[Short text fragments from websites]
·····
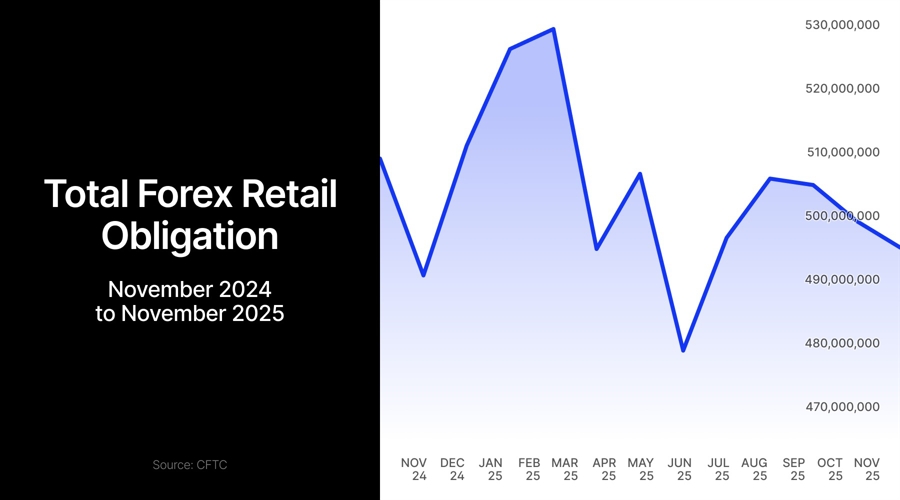 US Forex Deposits Edge Lower in November as Interactive Brokers Plunges 20%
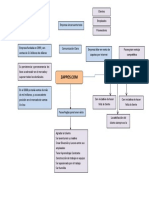 Mapa Conceptual Zappos - Estrategias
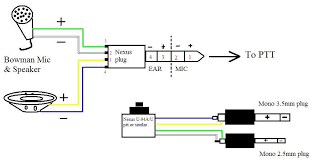 Parallel, bridging amplifiers and effects on load and resistance. Diagram Stereo Headset Mic Wiring Diagram Full Version Hd Quality Wiring Diagram Cyclediagramu Studiomedicopetrella It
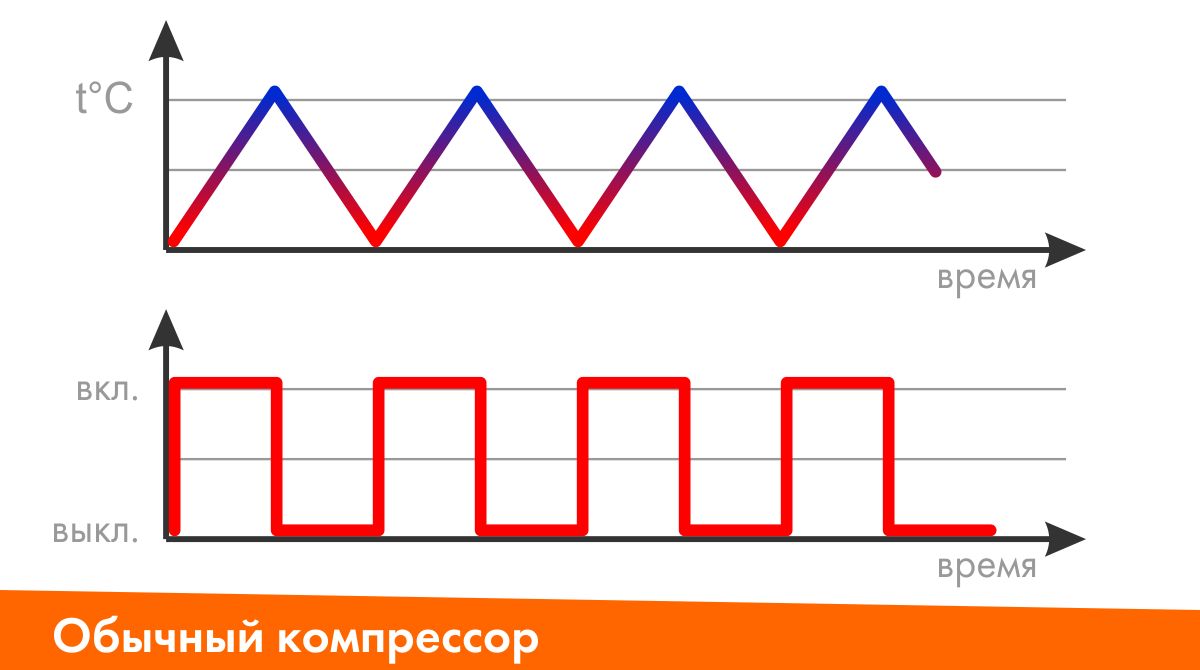 Схема обчного компрессора холодильника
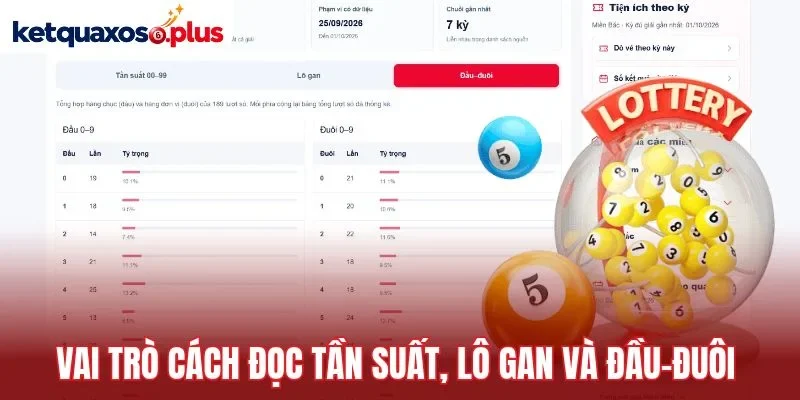 Vai trò cách đọc tần suất, lô gan và đầu-đuôi 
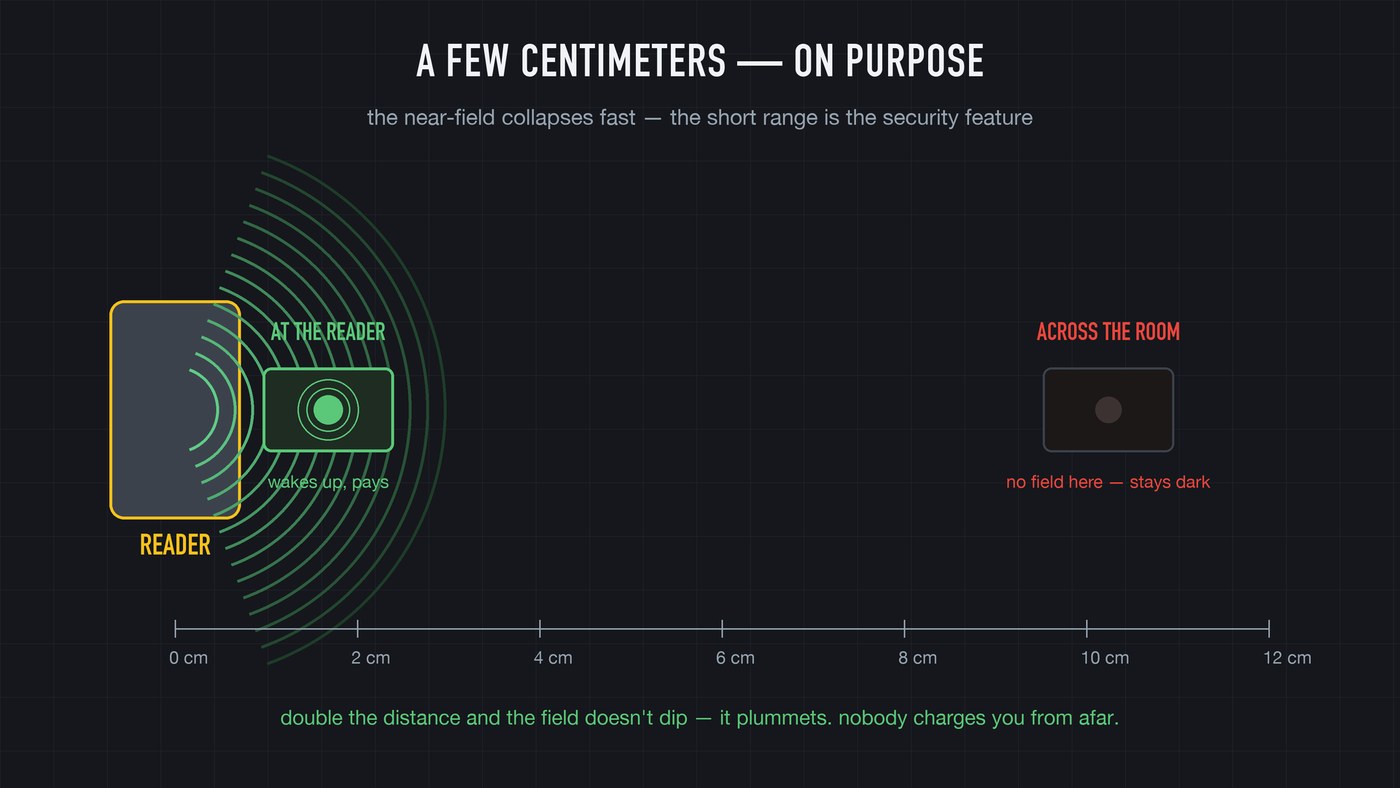 Near field: the terminal's field fades to nothing within a couple of centimeters. A card at arm's length stays dark.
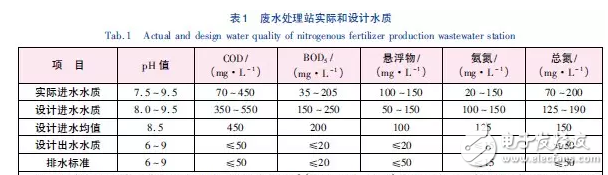 氮肥廢水處理的介紹及其四大工藝技術(shù)的對(duì)比分析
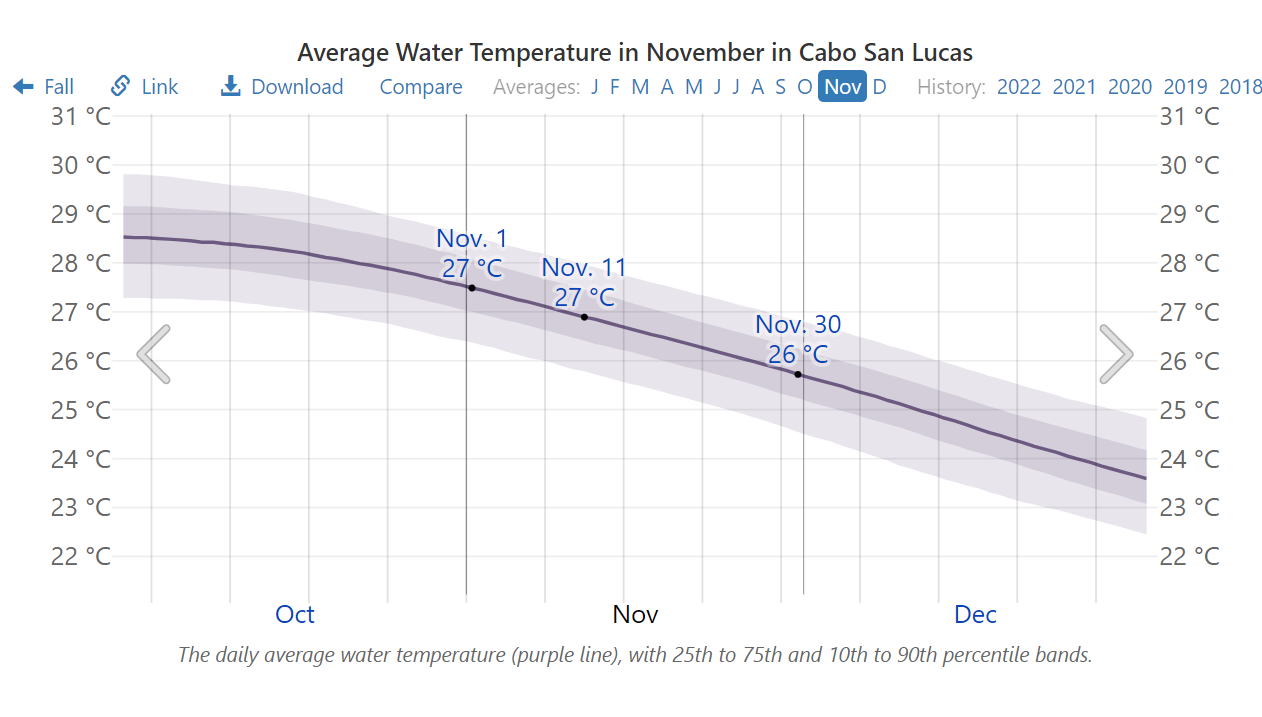 Chart showing the average November sea temperature in Cabo San Lucas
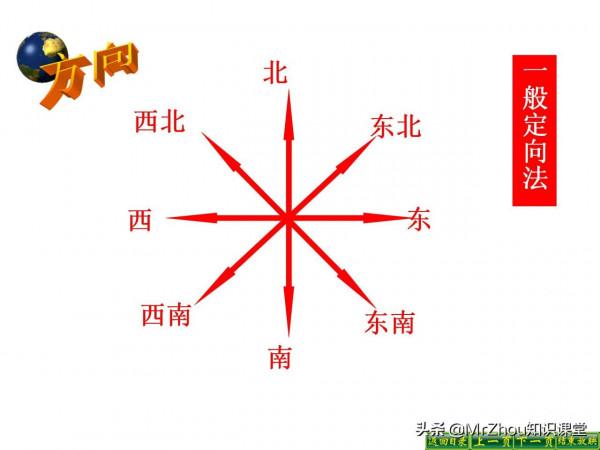 初一上冊地理濃縮筆記和要點課件85頁｜9天掌握，搞定月考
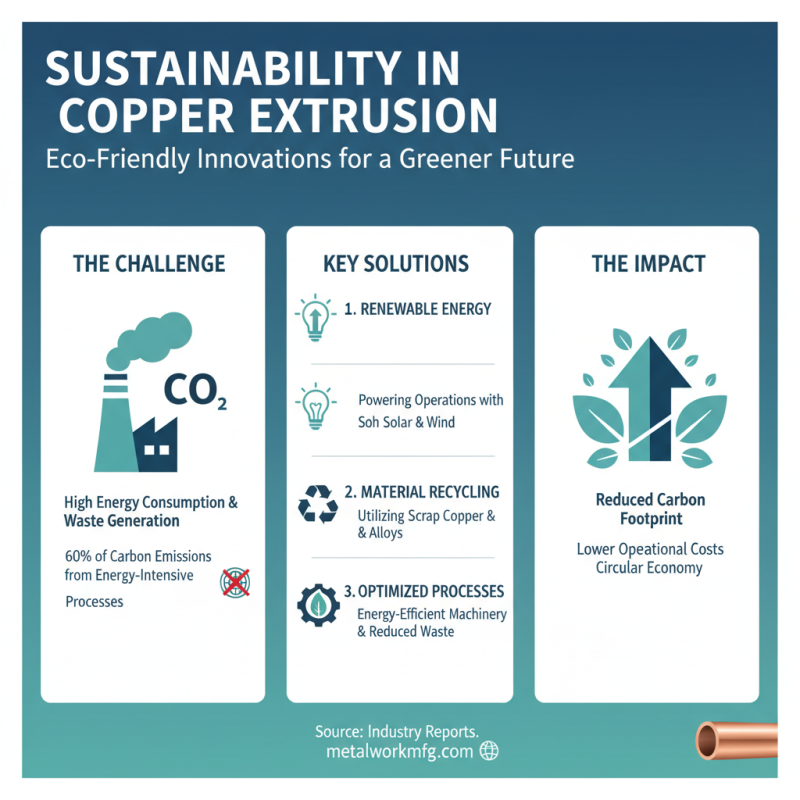 Best Copper Extrusions for Global Buyers in 2026?
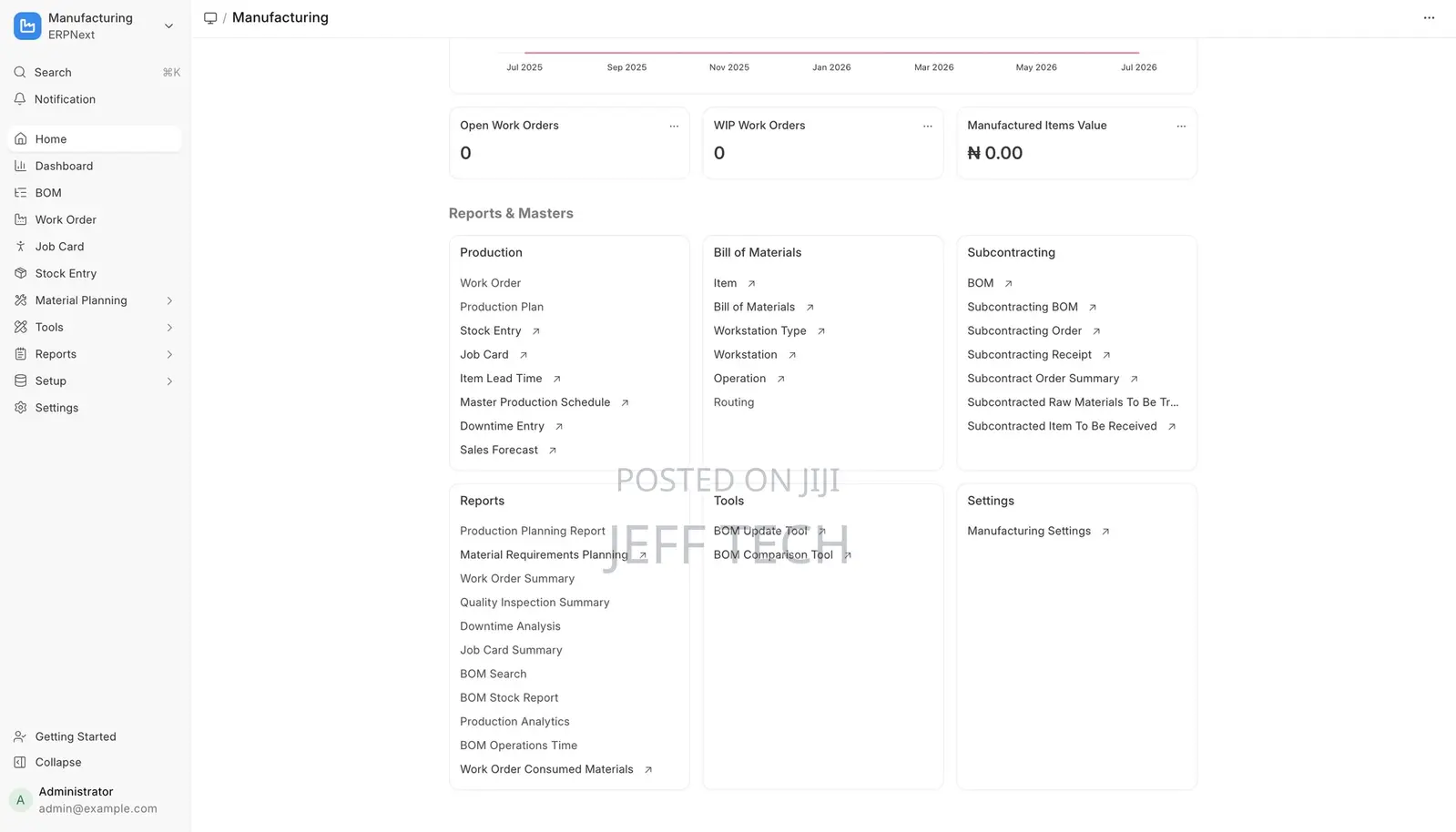 ERPNext Setup, Customization Training – Inventory, Sales, HR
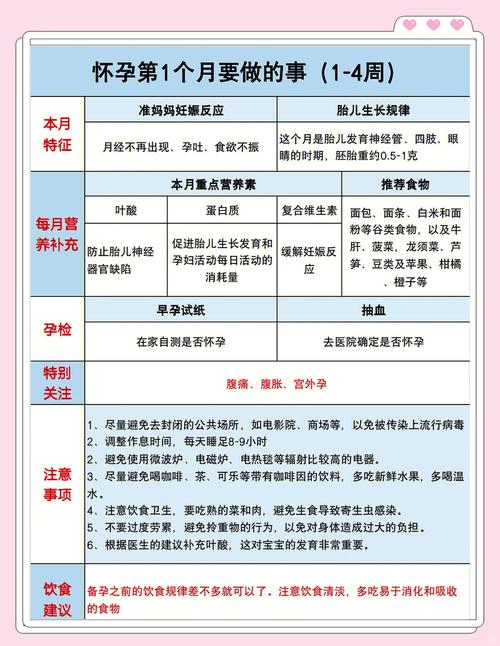 怀孕准备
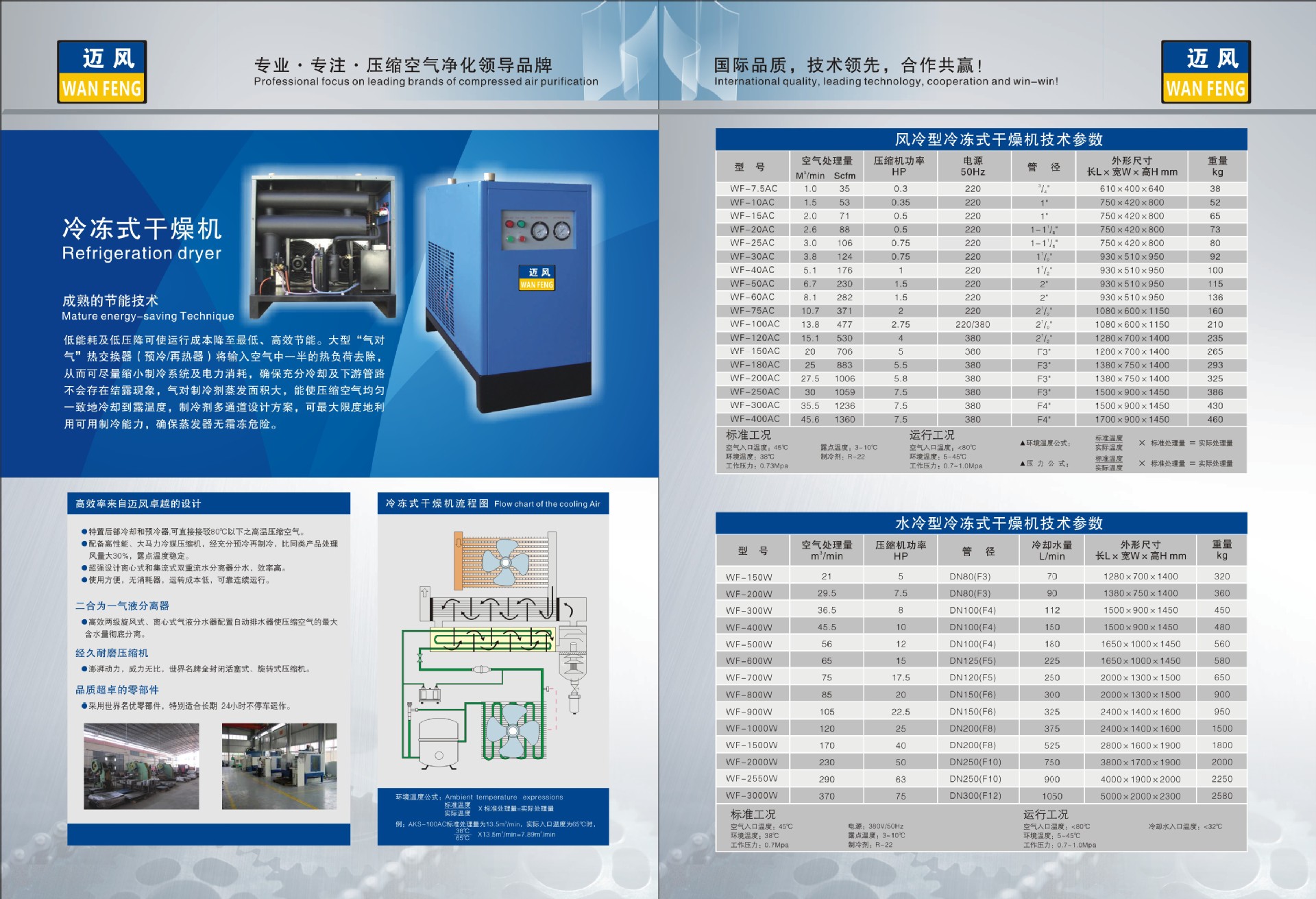 郑州螺杆式空压机选型指南 迈风品牌生产供应商与厂家实力解析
·····
## Task
Please quote the records above exactly, beginning at the line that contains "ERPNext Setup, Customization" and ending at their last line. Leave the pictures out.

## Exercise output
 ERPNext Setup, Customization Training – Inventory, Sales, HR
 怀孕准备
 郑州螺杆式空压机选型指南 迈风品牌生产供应商与厂家实力解析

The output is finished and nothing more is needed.